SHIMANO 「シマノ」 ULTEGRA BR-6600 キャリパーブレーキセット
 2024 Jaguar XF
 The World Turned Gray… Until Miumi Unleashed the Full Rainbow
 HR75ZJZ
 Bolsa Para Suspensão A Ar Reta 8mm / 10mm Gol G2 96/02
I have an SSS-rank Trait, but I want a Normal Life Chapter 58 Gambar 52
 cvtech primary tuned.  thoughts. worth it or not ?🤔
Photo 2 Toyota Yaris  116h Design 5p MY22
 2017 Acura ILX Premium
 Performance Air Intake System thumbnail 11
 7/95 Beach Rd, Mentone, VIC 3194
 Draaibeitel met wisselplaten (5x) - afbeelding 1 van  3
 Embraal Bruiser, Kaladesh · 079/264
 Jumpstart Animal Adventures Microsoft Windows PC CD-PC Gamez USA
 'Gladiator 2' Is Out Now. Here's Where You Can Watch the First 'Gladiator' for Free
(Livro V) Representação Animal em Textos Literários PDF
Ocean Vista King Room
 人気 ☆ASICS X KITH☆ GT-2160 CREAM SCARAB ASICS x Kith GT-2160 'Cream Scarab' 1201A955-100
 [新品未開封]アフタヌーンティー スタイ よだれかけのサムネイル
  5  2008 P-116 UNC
—————
(What you need to do)
Filter the records above and copy every line that contains the word "Animal".

(Answer space)
 Jumpstart Animal Adventures Microsoft Windows PC CD-PC Gamez USA
(Livro V) Representação Animal em Textos Literários PDF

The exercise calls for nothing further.